09:30 - 10 November 2001


It is essential that the bombing of Afghanistan is brought to an end before the Muslim season of Ramadan starts on November 17.


Serious questions can be asked as to whether fighting so far will have reduced the likelihood of international terrorism or increased it.


To continue bombing an Islamic nation, such as Afghanistan, during such a sensitive time for Muslims would be to risk severe unrest amongst Muslims, not least among our neighbours here in Derby.


I write as the Rector of the largest Church of England parish in Derby, one in which 20 per cent of the population is Muslim, and over 40 per cent have overseas roots.


I live in the area I serve, New Normanton, Rose Hill and Pear Tree, and count my Muslim neighbours as friends.
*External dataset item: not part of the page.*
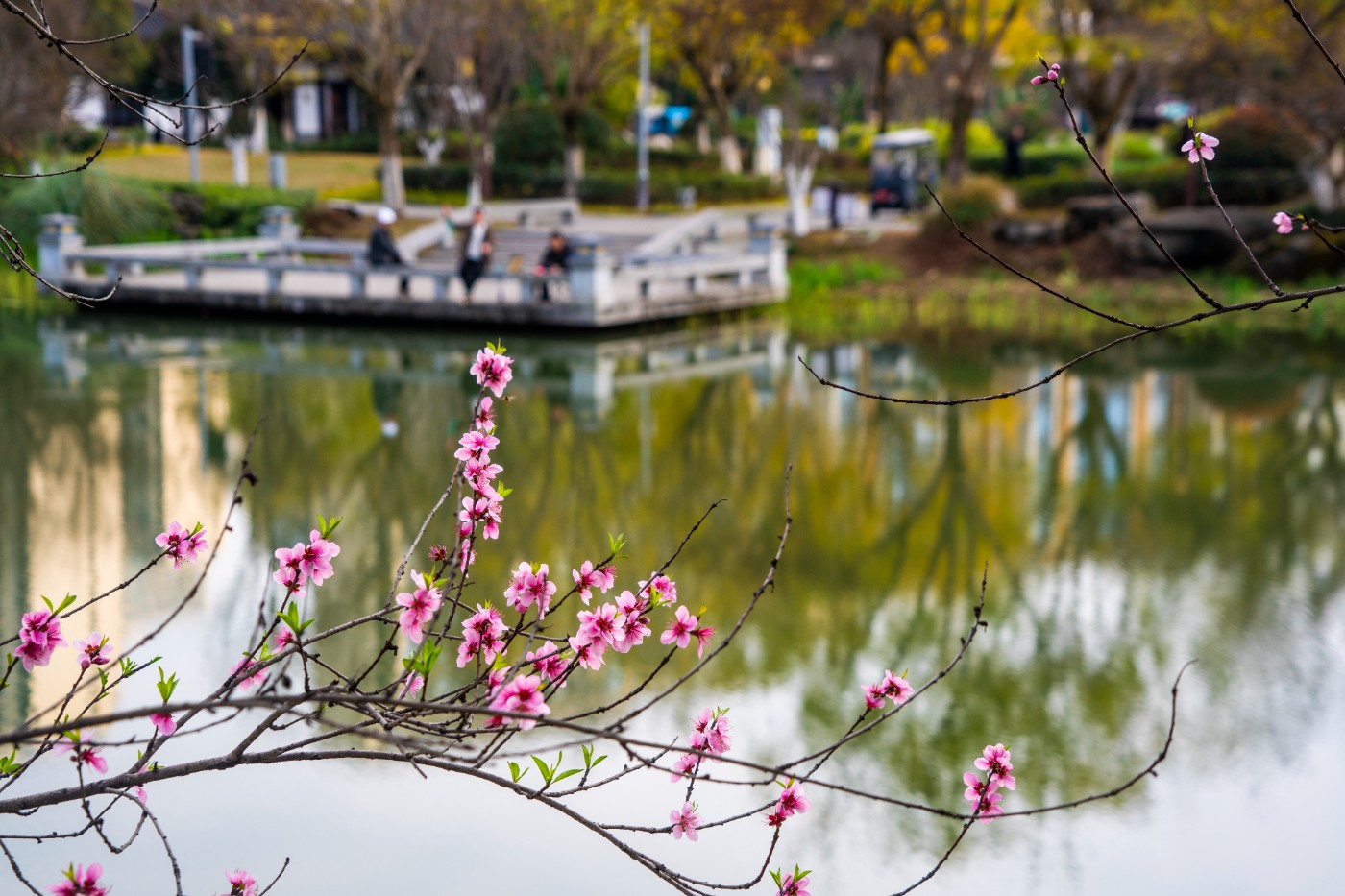 DSC00340 ����.jpg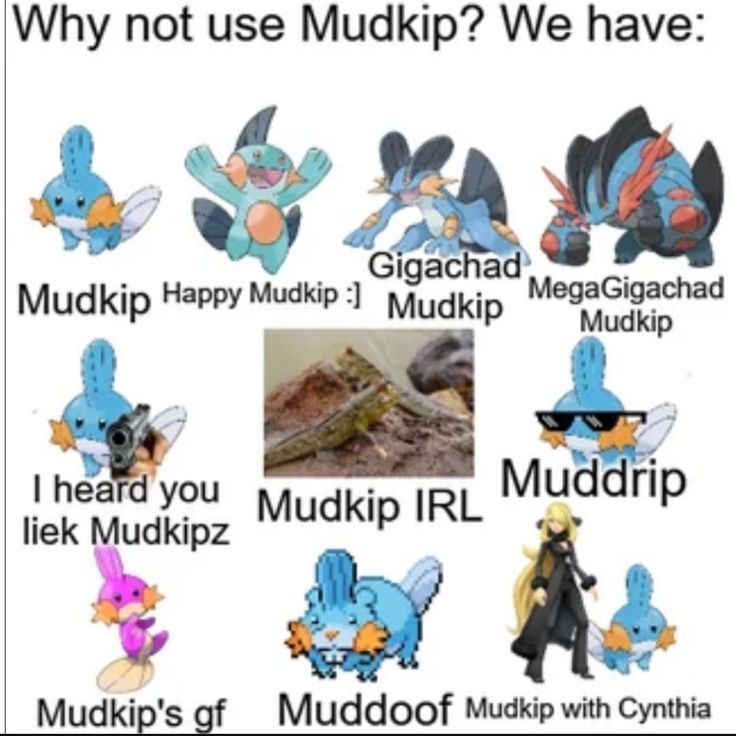 Pokémon Posts tweet media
At the moment we have good relations and are thanking God that, despite the problems in northern towns this year, troubles in Derby have been small and largely brought about by the boisterousness of young people.


We must do all we can to keep this calm, and it means that we need to exercise a very great sensitivity to the feelings of those of other faith communities and racial groups.


Few of any faith would excuse the atrocities of September 11.


But what lay behind them?


Anger about the situation in Israel and Palestine, and the perceived wealth, arrogance and bullying of the Western nations.


There is every reason to seek out those responsible and to bring them to genuine justice by legitimate means.


But the long-term route to a lower risk of violence lies in bringing peace with justice in the Middle East, and in acting with great awareness of the viewpoint and sensibilities of other nations and groups.


So far the Western response has shown a lack of intelligence about the likely reaction of Islamic and other Asian nations.


To continue the attack during the Holy season of Ramadan would be a very gross violation of those feelings.


It would underline the belief of many that this is an attack by Christian nations on the nations of Islam.


That is not an accurate analysis, but actions will speak louder than words.


Muslim communities need to be aware that many active Christians are deeply unhappy about the present campaign, and share the implications of the slogan "Not in my name".


It is good that Tony Blair has made visits to the Middle East in recent times. We must hope that he has heard what has undoubtedly been said to him in private.


Now is the time to stand back from the military action, take stock, and listen carefully to the way other nations see things.